When I arrived at school, I saw a girl who lived down the street from us leaning up against the wall. She was holding a portable cassette player to her ear listening to a Beatles song with the saddest look on her face. It was the one day at school where the teachers wanted to do school work even less than the students. They were as dazed and dumbfounded as the rest of us.
The radio was still on when I returned home. By now, however, the only thing that could be heard was a barrage of Beatles songs and Lennon solo material. It was as if the entire world had paused to remember John Lennon.
After supper that evening, Dad lit a candle in Lennon’s memory as his mother had done for John F. Kennedy seventeen years earlier. Normally such an honor would be reserved for a Jew. But as far as Dad was concerned, John Lennon was one of us.
In the months that followed, I spent a lot of time drawing pictures of Lennon as he had appeared on the cover of Abbey Road with long hair, beard, granny glasses and the white suit. They weren’t very good. I doubt if any of those drawings survive. Drawing came far more naturally to Micah and he could do things on paper I could never contemplate. Nevertheless, it was the only time in my life I made any kind of serious effort to exercise my creativity through drawing and it was inspired entirely by Lennon.
As such I cannot think of Micah’s birthday without thinking of Lennon’s assassination. I don’t know what thought, if any, he gives to Lennon when his birthday comes around. But in his early teens Micah would start taking guitar lessons. However, those lessons didn’t last long. He was more interested in learning Beatles songs which he taught himself to play. Before you knew it he was playing in bands with high school friends who also loved to play Beatles songs. About a decade later, he spent a couple of years playing bass with the Canadian indie band The Golden Dogs. I remember buying their debut CD in Sam The Record Man on Yonge Street in Toronto. I cannot tell what a thrill it was to go to a record store and buy a CD on which my brother played. I strongly suspect this would not have to come to pass without the Beatles and Lennon in particular. I can even hear Lennon in his voice.
Naturally, I think about what life would be like if John Lennon were still alive. I’m sure Lennon’s politics would not have changed. I’m sure Lennon would have been leading voice against the War in Iraq. I’m sure Lennon would have some choice words for President Bush. I’m sure I would have been annoyed at Lennon as I would have been at the long line of celebrities critical of both Bush and the Iraq War.

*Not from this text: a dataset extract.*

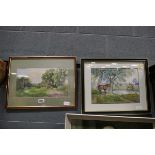 2 x framed and glazed watercolours, 1 x cottage scene and 1 x equestrian scene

But I would have taken it. I would have taken it because I’m also sure Lennon would have had a lot more music to make. Some of that music would have great and some of it perhaps not so great. But it would have been ours for the listening. I’m sure I would have had the chance to see him in concert as I have seen Paul McCartney in concert (twice). And a splendid time would have been guaranteed for all. I’m also sure that John would have eventually agreed to come together with Paul, George, and Ringo. It certainly would have made for a more meaningful Beatles reunion.
My parents are now retired and presently spending the winter in New York City on the Upper West Side a short distance from the Dakota on Central Park West and 72nd Street. If Lennon were still alive it is not inconceivable my parents might have bumped into John & Yoko while walking in Central Park. I’m sure that Dad in his typical Bronx bravado would have had something clever to say and the Liverpudlian Lennon would have been equal to the task. I’m sure my mother and Yoko would have looked each other as if to say they couldn’t take their husbands anywhere.
So if John Lennon were alive, well and living in New York City I would happily put up with his political ranting if it meant more music and memories. But alas I can only imagine.